Эта нелепая идея так напугала меня, что я не сразу нашелся, что ответить, и лишь напомнил ей, как она ненавидит охоту и всякого рода насилие над животными и птицами, а рыбную ловлю терпит только ради дядюшки Фредди.
— Я имела в виду — речными дарами, — сказала она.
— Боже мой, рыбой?
— А почему бы и нет? Окуньками. Когда-то, в Швейцарии, я ела их с большим удовольствием. На Женевском озере. Filets de perche[13]. С местным белым вином. Пальчики оближешь!
— А если мы не поймаем ни одного окуня? — спросил я.
В ответ она снова ослепила меня своей зубастой улыбкой.
— Мы примем меры предосторожности — захватим с собой копченую форель.
— Тогда ладно, — сказал я.
Быть может, я снова смалодушничал, но я просто растерялся. Душа моя уже скорбела по поводу неухоженного мистера Бенсона, а в воображении рисовалась смешливая, пышущая здоровьем Валери — живая реклама отнюдь не скудной пищи, — обсасывающая бледные косточки стограммового окунька.
— Не кажется ли вам, — сказал я, — что нам понадобится что-то более существенное?
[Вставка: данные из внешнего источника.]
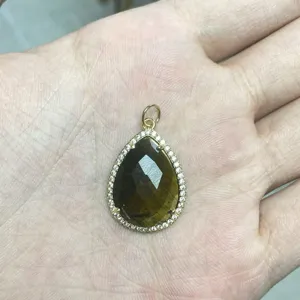 Tropfenförmiger Tigerauge Edelstein Anhänger mit Zirkonia Pave DIY Goldschmuck.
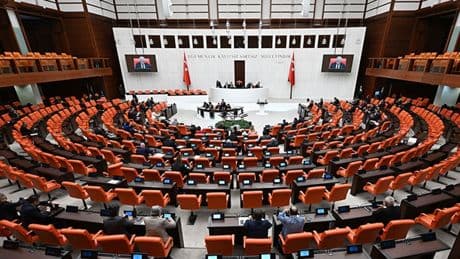 Terörsüz Türkiye sürecinde kritik gün! Komisyona isim aranıyor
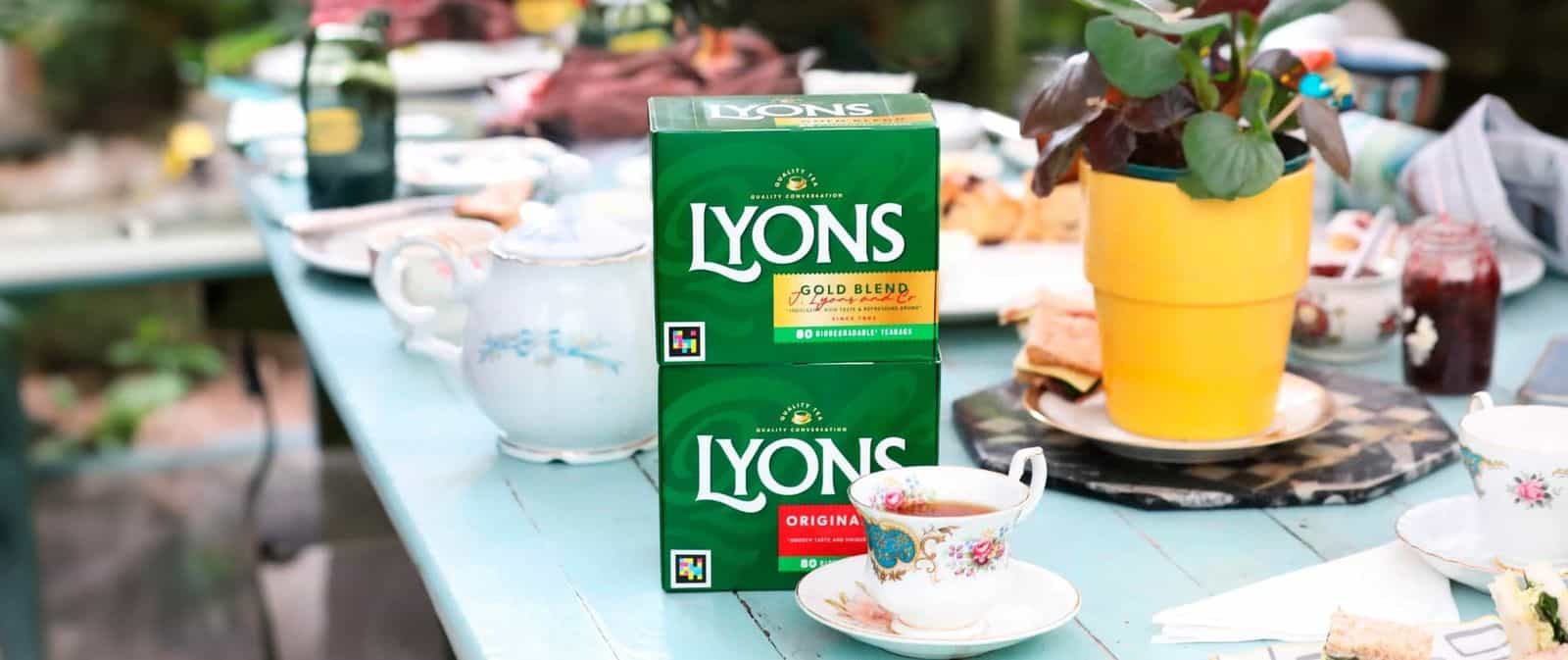 Confezione di Lyons Gold Blend da 40 bustine biodegradabili con codice NaviLens accessibile per persone cieche.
— Все уже продумано, — с обезоруживающей бодростью сказала тетя. — Я испеку большой пирог с мясом и почками. Есть его будем холодным. А вдобавок салаты, пирожки с абрикосами и прочее. С голоду не умрем. Просто я подумала: надо хоть чуть-чуть прикоснуться к дикой природе.
— Ну да, одно прикосновенье — и вы уже с природой накоротке, — сказал я.
— Не поняла. Что ты бормочешь?
— Да так, пустое. Просто думаю вслух.
— Пожалуйста, прекрати. Прескверная привычка. Мне уже случалось тебе об этом говорить. Это хуже, чем делать умные глаза.